Why would we expect cohort IDs to be different for different sites, even if they were generated on visiting a site and sticky for some period of time? If cohorts are relatively stable to browsing preferences, then it seems like often the cohort ID will be the same when I visit two different sites.
Also, it would be particularly difficult mitigation to explain to end users. "You are recognizable as the same person on Site A and Site B if you first visited Site A and Site B the same week, but maybe less likely to be recognized if your browsing patterns changed before you subsequently first visited Site C the following month." (If a user clears their browser cookies, which should reset any sticky cohort identifier, then the newly-generated identifiers would be the same for all sites they visit soon after, a highly unexpected implication.)
Different cohort IDs on visiting different origins would limit the scope of the additional fingerprinting surface. That is one way limitation on the severity of browser fingerprinting (see the list here), but cohort IDs could still be high-entropy, widely-available and would in that case necessarily be fairly persistent.
The detectability factor is less clear: the request for the cohort identifier is an explicit JavaScript call easy for the browser or an extension to detect, but if it's expected to always be requested by advertising it would be difficult to distinguish between fingerprinters and those just using cohort ID for non-individualized advertising.
We have been thinking about this. We updated the explainer to this effect recently as well. One option is what we call 'per-site' cohorts, where a site gets its cohort assigned to it when the page first asks for it, and the cohort is computed on the fly. That cohort is then sticky for that site for some amount of time. This way, each site winds up with a different cohort and they're not useful for cross-site identification.
The downside is that it leaks information about the user faster, if multiple sites have the user's PII and can gather the cohorts from the various sites. It also reduces overall utility. So we need to consider that carefully.
I'm confused by what you are saying. Wouldn't we expect cohort ids to remain consistent across sites, or else how would large publishers with many small domain/sites target a campaign to a particular floc across their network?
You could say domain grouping instead of domain, but now small publishers who want to use analytics systems have no way at all to determine the value of these flocs. The small site cannot detect what the floc is or how to use it or how it behaves and it needs the cross site (but still anonymized and legitimately privacy preserving) information on the floc from another source.
I think per-site cohorts would be very discriminating against small publishers in this way, and I don't think it solves the fingerprinting issue either as login based sites can do far better without the extra effort.
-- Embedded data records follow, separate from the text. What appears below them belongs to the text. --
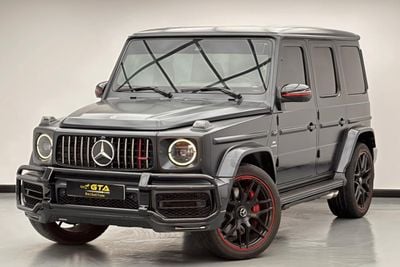 مرسيدس بنز G 63 AMG 2020 Mercedes-Benz G63 AMG, 1 Year Warranty Unlimited Km, Full Service History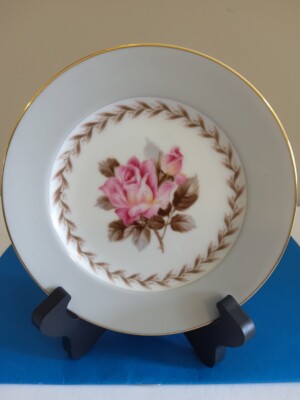 Vintage  Noritake Rosemont China Pattern 5048 Butter & Bread Plate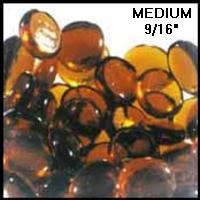 Medium Amber Nuggets (1lb)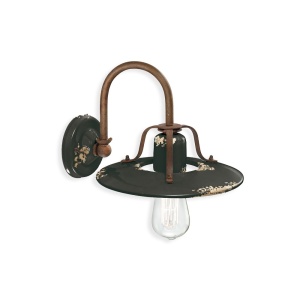 Aplica de perete design retro realizata manual din ceramica COUNTRY 216600 universul-luminii.ro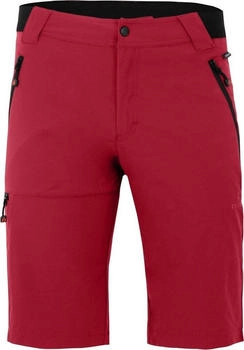 Bergson Arres&ouml; Comfort Bermuda Wandershorts rot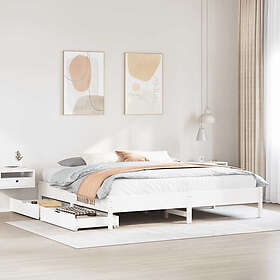 vidaXL Sengeramme uden madras 180x200cm 3301702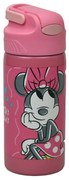 Παγούρι 500ml Με Καλαμάκι Gim SS Minnie Mode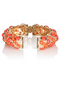 KENNETH JAY LANE - Coral Bracelet - Designer Dress hire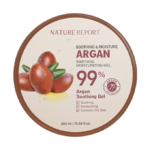 جل الأرغان الطبيعي المرطب والمهدئ من ناتشر ريبورت - 300مل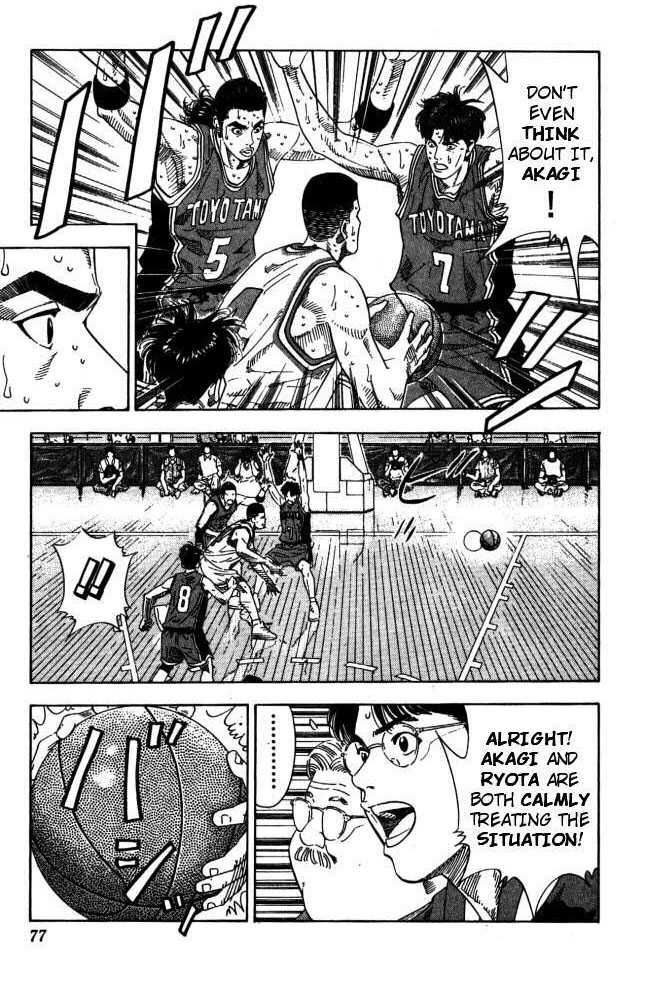 Slam Dunk Chapter 210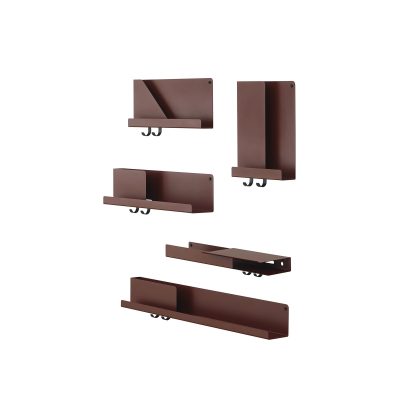 FOLDED Shelf Small, Deep Red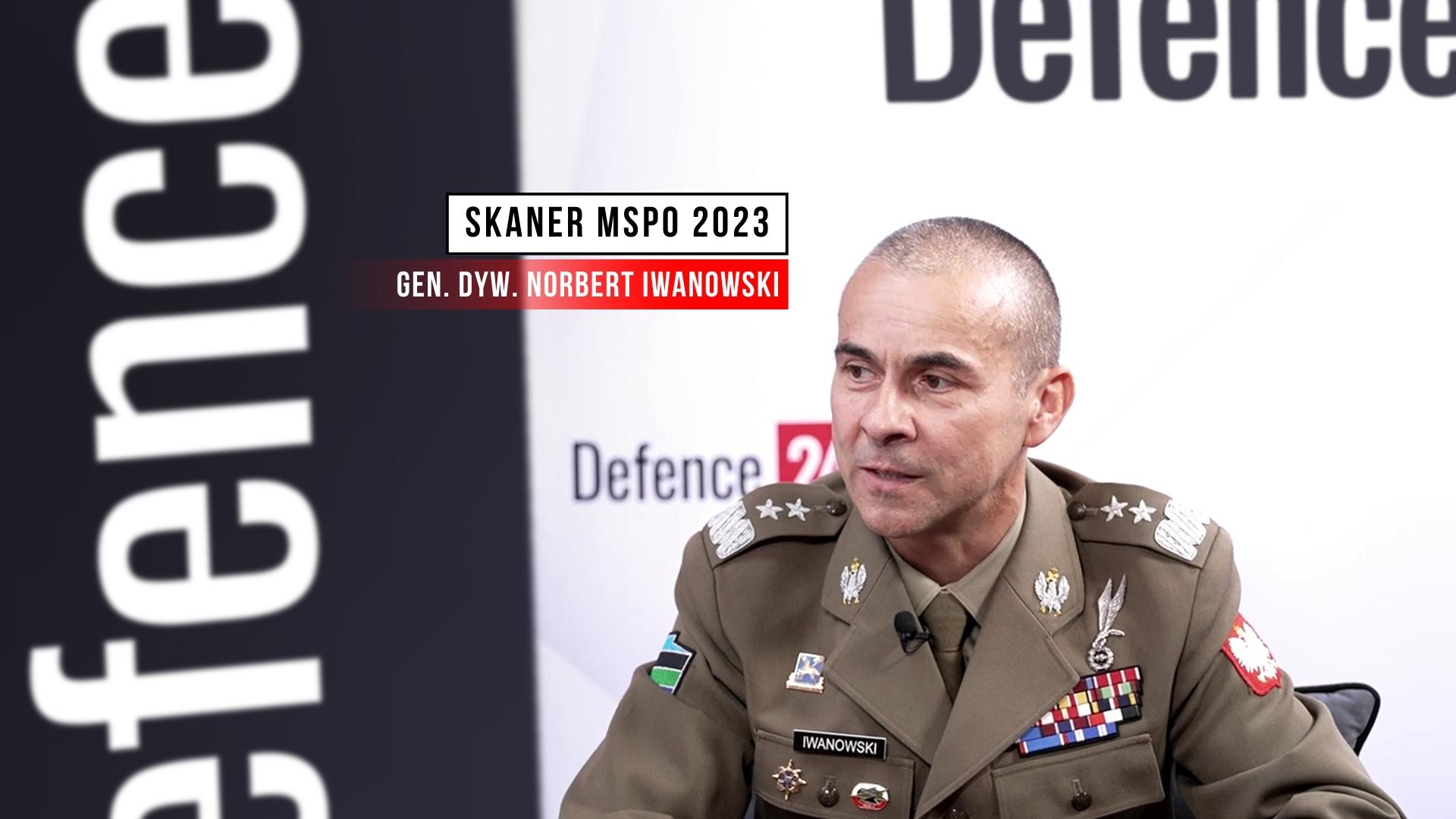 Wnioski z Ukrainy. Gen. Iwanowski: 1 Dywizja Piechoty Legionów to odpowiedź na działania Rosji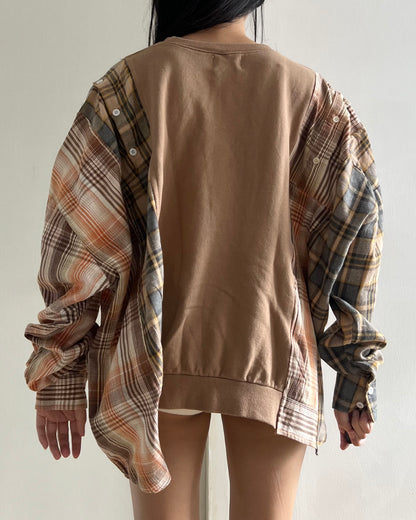 Flannel Sweater 063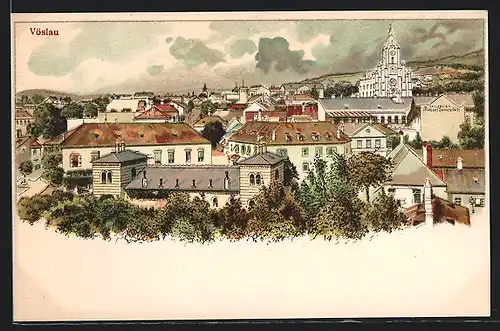AK Vöslau, Gesamtansicht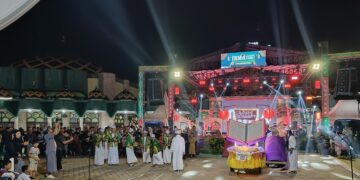 acara Lomba Bergerakan Sahur di Kukar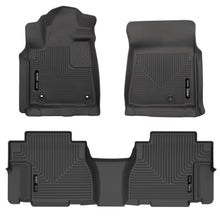 Load image into Gallery viewer, Weatherbeater Front &amp; 2nd Seat Floor Liners For 2012-2022 Sequoia Husky Liners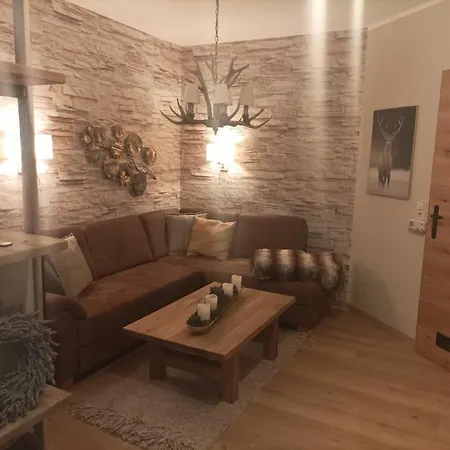 Daire Harzglanz Fewo's Kuschelbude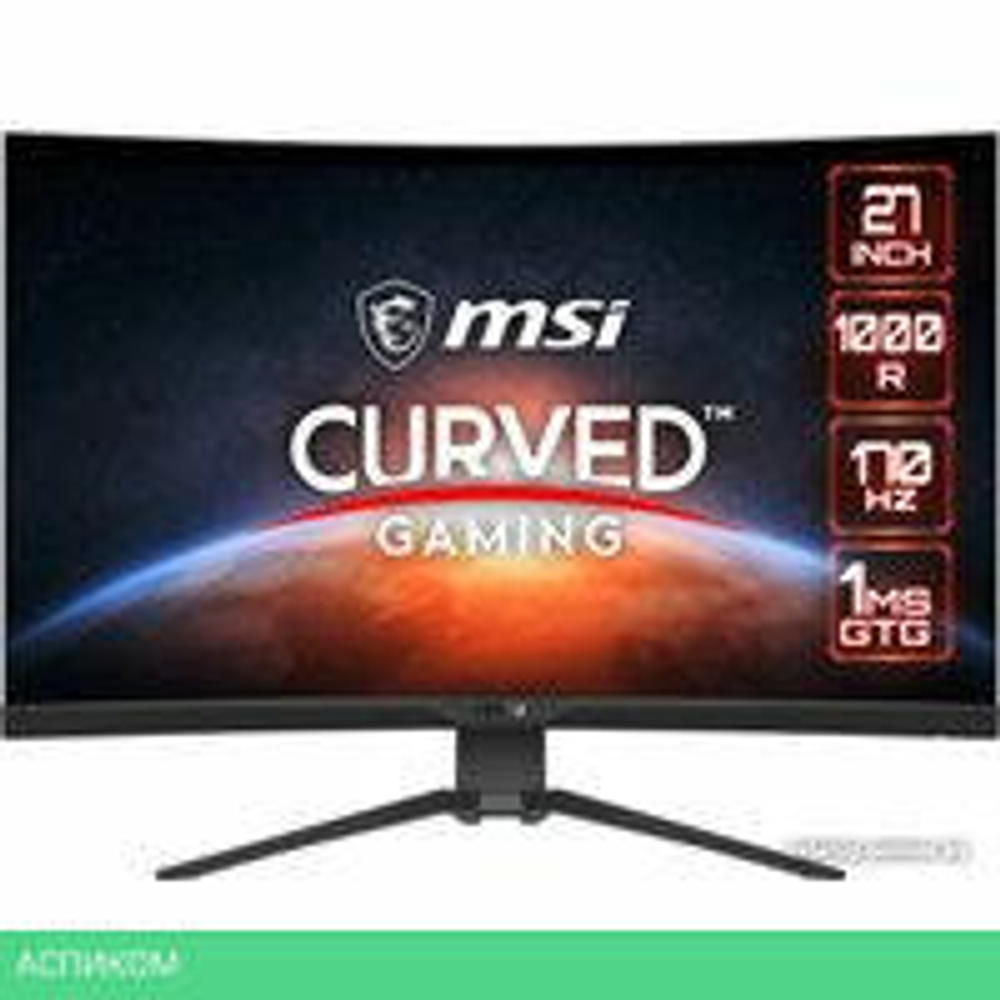 Игровой монитор MSI MAG 275CQRF-QD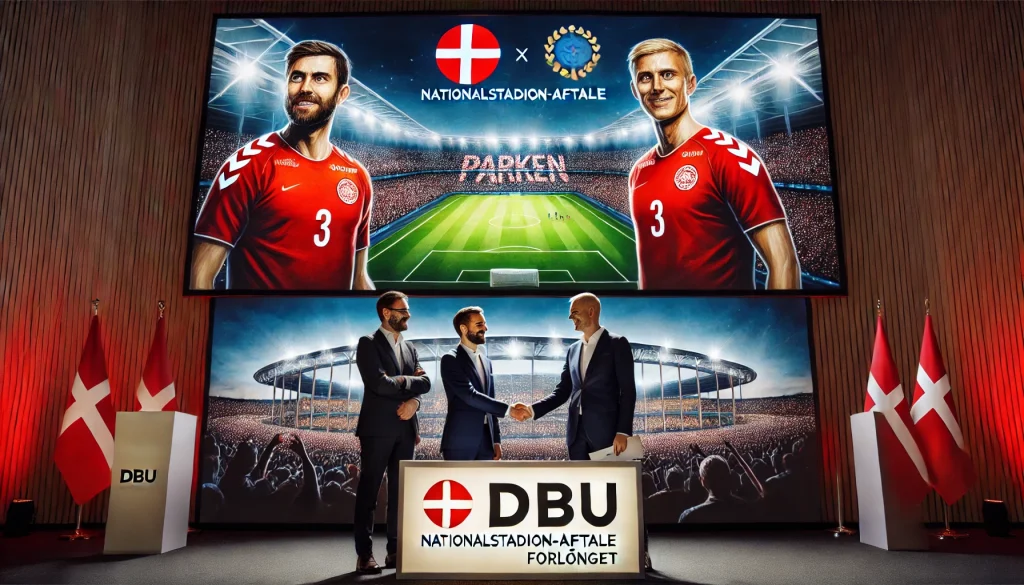 dbu forlænger med parken til 2028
Please let me know if I am misunderstanding something.
From a privacy perspective, one of the bigger concerns about FLoC is it adding a new surface for fingerprinting. The understanding is that this will be mitigated by the introduction of the Privacy Budget, but it doesn't seem like the two proposals are being released at the same time. Any thoughts on adding in some type of fingerprinting mitigation as part of FLoC directly?
Also, any information on how unique an individual cohort would be also be helpful here too.